Abstract: This target of this workshop is twofold. On one hand, it is familiarizing attendees with mechanics of reinforcement learning (RL) applied to financial environments. On the other side, it aims to uncover key differences between popular RL applications (as playing video games) and financial ones, ignoring which inevitably will lead to losses of time and capital. With such insights and code boilerplates, attendees will be able to avoid harsh mistakes and implement environment-driven strategies faster.
Session Outline
This workshop will be split into 3 parts:
- First, we will quickly review fundamentals of RL and will apply it to a historical cryptocuurencies market dataset (turned into an environment) as it was a simple game
- Then, we will dive deeper and realize why such an approach won't ever become a viable trading strategy and how advances in financial machine learning can fix that
- At the end, we will implement such fixes and will see how it makes our previously developed framework more reliable in the real-wold conditions.
The workshop will end with the discussion and a roadmap for studying and applying ML and RL in finance.
Background Knowledge
- Intermediate knowledge of machine learning and underlying mathematics is preferred to follow the tutorial
- Scientific computing skills are necessary to follow the tutorial steps (Numpy, Scipy, Pandas, TF)
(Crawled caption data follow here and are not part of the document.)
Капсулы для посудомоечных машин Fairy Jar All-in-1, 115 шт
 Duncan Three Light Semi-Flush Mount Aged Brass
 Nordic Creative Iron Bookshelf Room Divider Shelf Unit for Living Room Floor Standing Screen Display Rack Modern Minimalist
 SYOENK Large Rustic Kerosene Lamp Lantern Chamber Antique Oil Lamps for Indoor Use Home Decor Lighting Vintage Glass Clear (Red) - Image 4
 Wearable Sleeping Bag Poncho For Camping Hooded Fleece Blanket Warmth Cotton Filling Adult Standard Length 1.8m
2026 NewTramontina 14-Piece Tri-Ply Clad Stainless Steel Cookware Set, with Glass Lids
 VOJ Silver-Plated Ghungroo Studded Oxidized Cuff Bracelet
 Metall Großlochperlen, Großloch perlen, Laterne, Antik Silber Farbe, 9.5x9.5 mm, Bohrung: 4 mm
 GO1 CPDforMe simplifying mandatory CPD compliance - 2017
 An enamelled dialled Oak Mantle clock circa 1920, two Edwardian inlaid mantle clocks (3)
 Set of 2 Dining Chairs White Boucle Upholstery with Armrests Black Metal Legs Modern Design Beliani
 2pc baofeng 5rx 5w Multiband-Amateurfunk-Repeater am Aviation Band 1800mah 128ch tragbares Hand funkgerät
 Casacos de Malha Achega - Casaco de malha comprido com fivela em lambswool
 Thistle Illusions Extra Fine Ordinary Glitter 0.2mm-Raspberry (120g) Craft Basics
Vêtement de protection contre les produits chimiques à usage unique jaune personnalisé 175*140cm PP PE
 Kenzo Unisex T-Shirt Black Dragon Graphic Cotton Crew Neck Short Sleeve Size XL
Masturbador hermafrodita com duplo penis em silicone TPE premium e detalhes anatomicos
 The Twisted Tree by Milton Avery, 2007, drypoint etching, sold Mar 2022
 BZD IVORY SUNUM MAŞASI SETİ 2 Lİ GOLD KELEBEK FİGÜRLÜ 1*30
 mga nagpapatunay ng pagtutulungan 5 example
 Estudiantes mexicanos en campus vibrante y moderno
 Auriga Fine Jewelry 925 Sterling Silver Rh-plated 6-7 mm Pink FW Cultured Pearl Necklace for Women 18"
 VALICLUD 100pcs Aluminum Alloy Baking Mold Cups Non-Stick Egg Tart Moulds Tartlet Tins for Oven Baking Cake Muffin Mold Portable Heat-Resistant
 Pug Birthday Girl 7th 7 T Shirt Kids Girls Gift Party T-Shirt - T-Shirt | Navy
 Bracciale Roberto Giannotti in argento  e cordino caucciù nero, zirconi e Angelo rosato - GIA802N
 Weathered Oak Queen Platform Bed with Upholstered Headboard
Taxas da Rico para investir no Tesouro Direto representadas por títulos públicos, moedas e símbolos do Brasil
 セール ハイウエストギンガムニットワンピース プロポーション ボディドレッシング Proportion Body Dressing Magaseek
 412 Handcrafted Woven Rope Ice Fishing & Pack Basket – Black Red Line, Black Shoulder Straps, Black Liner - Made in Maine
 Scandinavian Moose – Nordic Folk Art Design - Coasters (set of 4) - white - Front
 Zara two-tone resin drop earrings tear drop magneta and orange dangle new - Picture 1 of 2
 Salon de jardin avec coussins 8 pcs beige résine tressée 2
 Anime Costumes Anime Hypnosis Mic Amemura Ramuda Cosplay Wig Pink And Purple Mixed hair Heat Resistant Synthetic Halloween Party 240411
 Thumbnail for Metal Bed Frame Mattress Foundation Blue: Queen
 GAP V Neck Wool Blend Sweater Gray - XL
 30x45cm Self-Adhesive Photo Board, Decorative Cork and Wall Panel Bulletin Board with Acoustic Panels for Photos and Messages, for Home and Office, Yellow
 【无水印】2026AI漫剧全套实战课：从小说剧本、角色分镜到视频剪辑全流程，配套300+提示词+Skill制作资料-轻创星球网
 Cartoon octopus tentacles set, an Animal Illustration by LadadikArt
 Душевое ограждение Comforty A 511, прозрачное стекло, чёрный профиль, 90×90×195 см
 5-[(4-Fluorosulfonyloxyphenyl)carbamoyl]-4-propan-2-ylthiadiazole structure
- Experience with reinforcement learning is welcomed but is not necessary
- Experience with financial markers is welcomed but is not necessary
Bio: Alex Honchar is a tech entrepreneur and educator. Currently, he is co-founder and ML director at Neurons Lab - a consulting firm specializing in healthcare, finance, and IoT. Also, he writes a popular blog on Medium about machine learning applications and leadership. Previously he worked as an independent consultant with SMBs and startups on rapid go-to-market ML solutions and taught machine learning courses at the University of Verona and Ukrainian Catholic University.